In [None]:
from IPython.display import *

# Setup Tensorflow
import tensorflow as tf
from tensorflow.keras.layers import *
from tensorflow.keras.activations import *
from tensorflow.keras import Model, Sequential
from tensorflow.keras.optimizers import *

# Setup numpy, pandas
import pandas as pd
import numpy as np

# Setup matplotlib
import matplotlib
import matplotlib.pyplot as plt
DEFAULT_W, DEFAULT_H = (16, 9)
matplotlib.rcParams["figure.figsize"] = [DEFAULT_W, DEFAULT_H]
matplotlib.rcParams["font.size"] = 15
matplotlib.rcParams["figure.dpi"] = 100

# Load data
FILE_NAME_RED = "winequality-red.csv"
FILE_NAME_WHITE = "winequality_white.csv"
Y_COL_NAME = "quality"

# Merge for both datasets (red wines, white wines)
data_red = pd.read_csv(FILE_NAME_RED, sep=",")
data_red.insert(11, "type", "red")

data_white = pd.read_csv(FILE_NAME_WHITE, sep=";")
data_white.insert(11, "type", "white")

data = pd.concat([data_red, data_white]).sample(frac=1)

## I. Statistiques

### A. Distribution et informations statistiques de base

In [None]:
# Mean and Standard Pearson deviation

print(data.describe())
reds = data[data["type"]=="red"]
whites = data[data["type"]=="white"]

x_red, y_red = np.unique(reds["quality"], return_counts=True)
x_white, y_white = np.unique(whites["quality"], return_counts=True)
plt.figure(facecolor="#EAEEF5")

width = 0.4

ax = plt.axes()
ax.set_facecolor("#EAEEF5")
plt.bar(x_red - 0.2, y_red, width, color="red")
plt.bar(x_white + 0.2, y_white, width, color="white")
plt.legend(["Vins rouges", "Vins blancs"])
plt.title("Distribution de la qualité des vins en fonction du type (rouge ou blanc)")
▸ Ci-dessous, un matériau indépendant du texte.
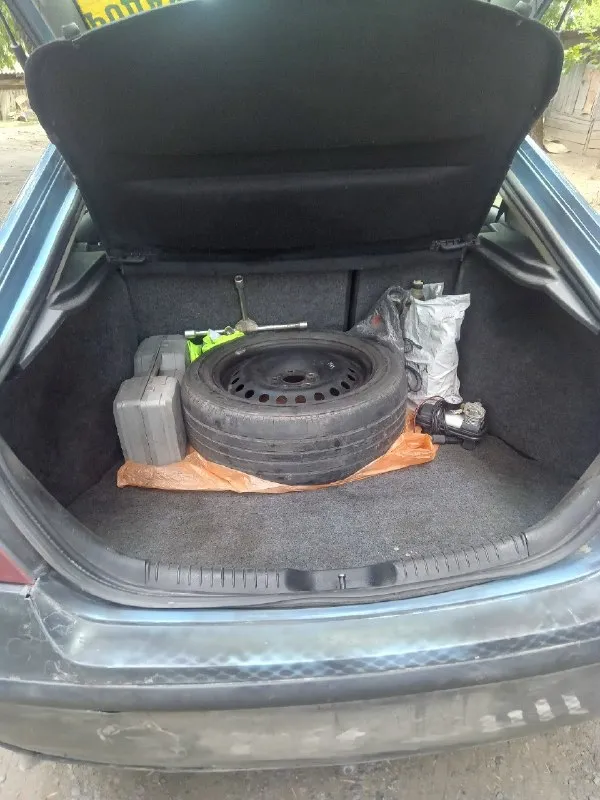 Продам ford мондео 3.2001год.1.8бензин -газ евро-4 на хорошем ходу, кузов живой, мотор коробка ходовая все норм. сел уехал. времянка до 27 года. цена 250 000руб. торг есть. старобешевский район, г. комсомольское +79498569196 📞 звоните: +7(949)8569196 - фотография - 8
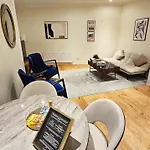 Luxury Suite In Central London Near Buckingham Palace, Big Ben And London Eye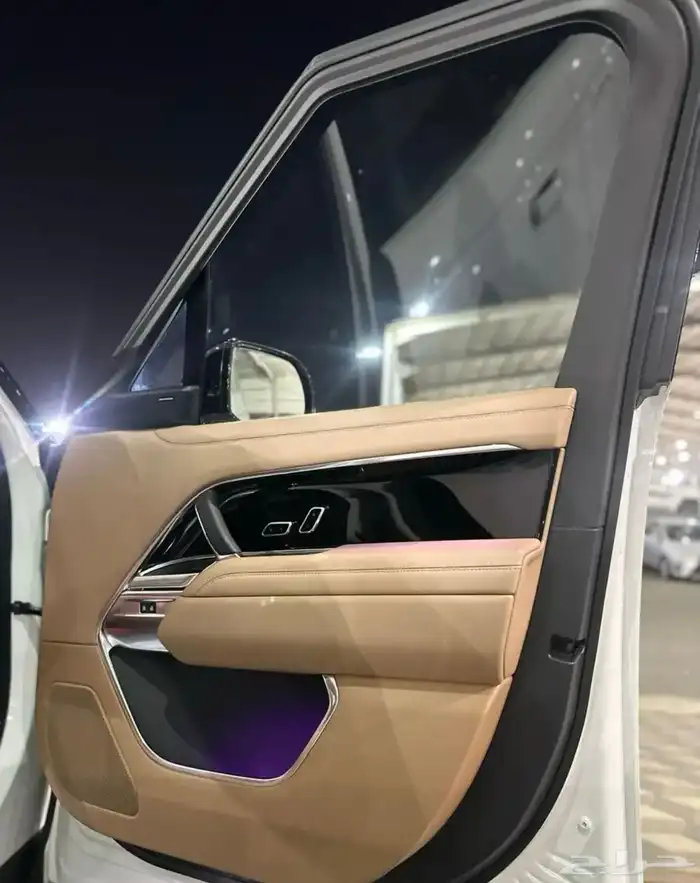 رنج روفر2023 12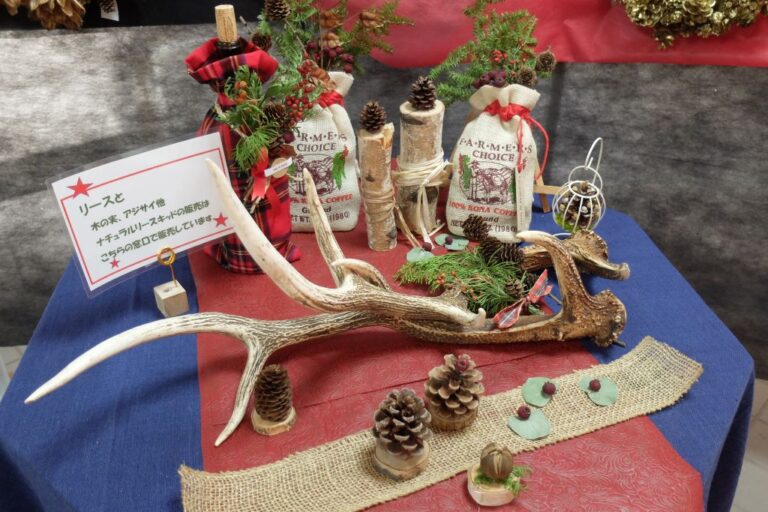 クリスマスらしい飾りが出迎えてくれている様子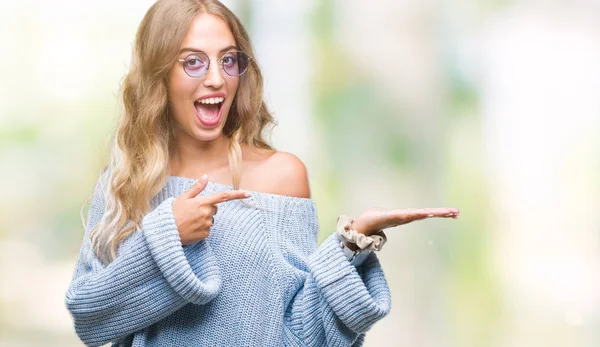 Schöne Junge Blonde Frau Mit Sonnenbrille Über Isoliertem Hintergrund Erstaunt — Stockfoto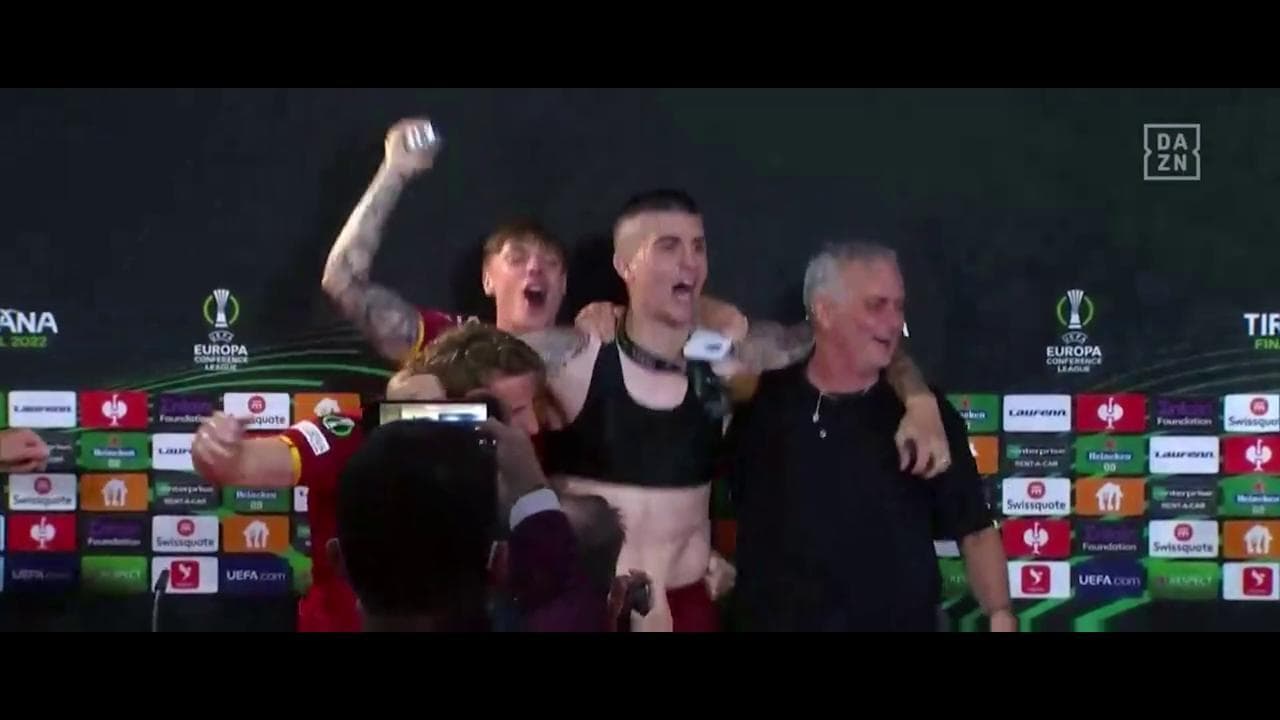 Roma-Feyenoord, i giocatori interrompono la conferenza di Mourinho e cantano con lui: "Campioni!"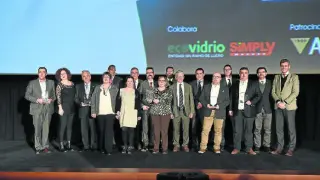 Todos los premiados, representantes de empresas patrocinadoras, colaboradoras y de HERALDO, tras la entrega de los premios.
# Boxplot for each variable grouped by the quality values, removing qualitative variable "type" and the dataframe index
columns = data.columns.drop(["quality", "type"])

for column in columns:
    plt.figure()
    data.boxplot(column=column, by=["quality", "type"], grid=False)
    plt.title("Boîte à moustache de la variable \"{}\" en fonction du type de vin et de la note obtenue".format(column))
    plt.show()


### B. Pearson Correlation

In [None]:
# # TODO
# # - distribution
# # - (FAIT) matrice de correlation (pearson correlation)
# # std, mean, boite moustache etc...
# # distribution par note

# corr = data.corr(method="pearson")
# # display(corr.style.background_gradient(cmap="coolwarm"))
# # classement:
# # top = abs(corr.loc[Y_COL_NAME]).sort_values(ascending=False)
# top = corr.loc[Y_COL_NAME][corr.index != Y_COL_NAME]
# sorted = abs(top).sort_values(ascending=False)
# display(top) # en abs car -1 donne une bonne correlation aussi (correlation negative)
# fig, ax = plt.subplots()
# ax.bar(x=sorted.index, height=top[sorted.index], width=1, edgecolor="black")
# ax.set_title("Classement des correlations des variables par rapport à la variable \"quality\"", fontdict={"size":25})
# for i, v in enumerate(top[sorted.index].values):
#     ax.text(i - 0.25, (v + np.sign(v) * 0.015) - 0.01, f"{round(v, 2):.2f}", color="black")
# # plt.axhline(1, linestyle="--")
# # plt.axhline(-1, linestyle="--")
# plt.ylabel("Pearson correlation", fontweight="light", fontsize="x-large")
# plt.xticks(rotation=67.5, horizontalalignment="right", fontweight="light", fontsize="large")
# plt.yticks(fontweight="light", fontsize="small")
# plt.show()

import seaborn as sns
correlations = data.corr()

sns.heatmap(correlations, annot=True, linewidths=.2, cmap="coolwarm")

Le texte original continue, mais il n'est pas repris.